Probablemente los asaltantes buscaban pruebas de las secretas complicidades entre los dos coroneles, Chávez y Kadafi. No lo que se conoce, sino los presuntos pactos ocultos. Los síntomas apuntan en esa dirección.
Sin embargo, no es la primera vez que algo así ocurre. En 1992, Kadafi ordenó a sus partidarios que asaltaran y quemaran la embajada venezolana en Libia para vengar las sanciones impuestas por la ONU contra el país por su negativa a entregar a unos terroristas que habían destruido en pleno vuelo un avión de Pan American por encargo de su gobierno. En ese momento el Dr. Diego Arria, diplomático venezolano, presidía el Consejo de Seguridad de Naciones Unidas.
A los libios antikadafistas sin duda les molestaba que el “Hermano Líder”, como se hace llamar este peligroso psicópata, hubiera denominado “Hugo Chávez” a un campo deportivo, o que le hubiese otorgado al venezolano el Premio de Derechos Humanos que lleva el nombre de “Moamar Kadafi”, acto tan cínico como ponerle “Herodes” a una escuela dedicada a fomentar la felicidad de los niños.
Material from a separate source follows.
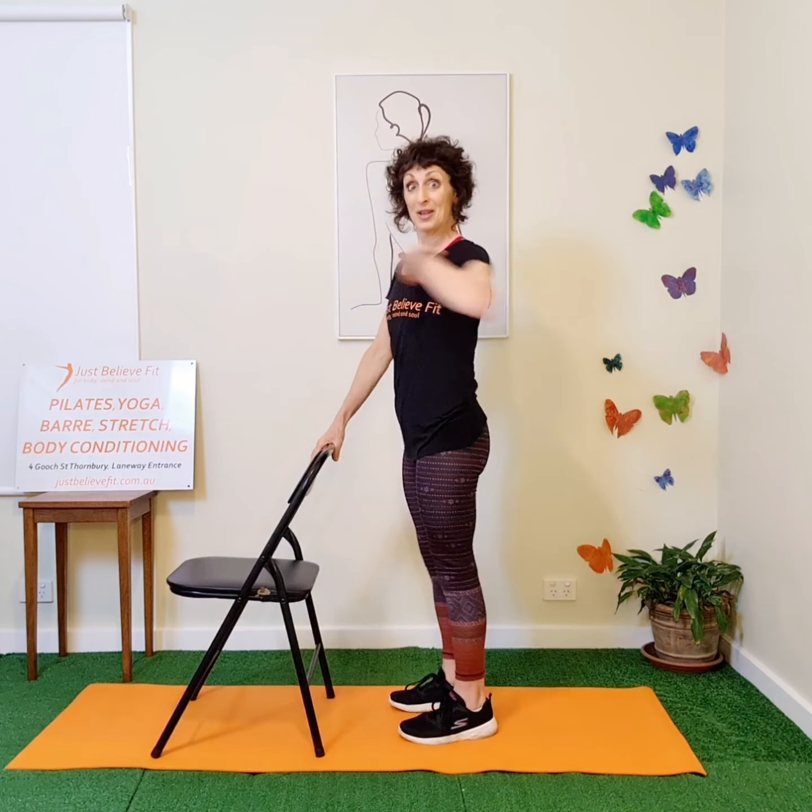Number two is our butterfly. You can flutter the wings or you can close your wings and open. Try hard not to pull on the neck, but to get a bit of scooping through your upper back and chest. Your butterfly becomes your chicken — number three. Again, you might want to flutter your chicken wings or close and open. As you're closing your chicken wings, scoop your belly and then pull back.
A cambio, el señor Chávez le entregó una réplica de la espada de Bolívar. (Hasta ahora no hay constancia que la haya utilizado para defenderse de los rebeldes que lo persiguen, y ni siquiera se sabe si tuvo la precaución de llevársela cuando salió precipitadamente de la ciudadela que ocupaba en Trípoli).
El prontuario criminal de Kadafi es de los peores de la historia contemporánea. Como en Cuba, creó Comités de Revolucionarios para espiar y maltratar a quienes no se sometieran. Además de robarse el patrimonio de los libios para su provecho y el de toda su familia, ha asesinado adversarios dentro y fuera de Libia. Sus sicarios han sacado a decenas de oposicionistas de los hospitales para torturarlos cruelmente y luego matarlos. Ha ordenado secuestros y, como he recordado, ha dinamitado aviones civiles provocando centenares de muertos sobre el suelo de Escocia.
Dado que tenía ínfulas de líder mundial y quería expandir su influencia por el resto del planeta, se alió a Egipto y a Siria para tratar de destruir a Israel, pero luego atacó a Egipto y, en su momento, le hizo la guerra a Chad y a Tanzania. Dentro de ese esquema expansionista, redactó un elemental panfleto fascistoide, al que tituló Libro verde, con el que pensaba cambiar la historia política de la especie, y creó todo un Ministerio para predicar e imponer sin clemencia su ridículo evangelio urbi et orbe.
Asimismo, fundó un Centro Revolucionario Mundial en el que se formaron (o deformaron) asesinos como el liberiano Charles Taylor y Jean-Bedel Bokassa, el megalómano que se proclamó Emperador de África Central, ambos acusados y convictos por terribles genocidios. Simultáneamente, trabó relaciones operativas y adiestró y financió grupos terroristas como el IRA irlandés y las Brigadas Rojas de Italia, mientras mantenía los más estrechos vínculos con los sandinistas nicaragüenses y las narcoguerrillas de las FARC colombianas.
Este breve recuento, que podría extenderse casi sin límites, tiene un objetivo: señalar la discutible textura moral de los amigos de este sujeto en América Latina. ¿Cómo es posible que el presidente de los ecuatorianos, Rafael Correa, un hombre educado y católico, sea capaz de defender a este tirano con la peregrina teoría de que su gobierno es sólo otra expresión distinta, pero legítima, de las formas de gobierno? ¿Quién puede creer en la voluntad de rectificación de Daniel Ortega si hoy, cuando los libios tratan de sacudirse de sus espaldas a este criminal, el presidente de los nicas, junto a Hugo Chávez, hace lo indecible por mantenerlo en el poder y por brindarle protección?
En inglés llaman litmus test a una pregunta cuya respuesta define la verdadera posición moral o intelectual de la persona con relación al hecho en discusión. Pues bien, Kadafi –como Hitler o Stalin en su momento– es eso para los latinoamericanos: un litmus test, una prueba determinante. Podemos presumir cómo es el carácter y la estructura de valores de quiénes lo aprecian y defienden. Podemos imaginarnos, no sin cierto horror, de lo que son capaces. Es tristemente cierto: dime con quién andas y te diré quién eres.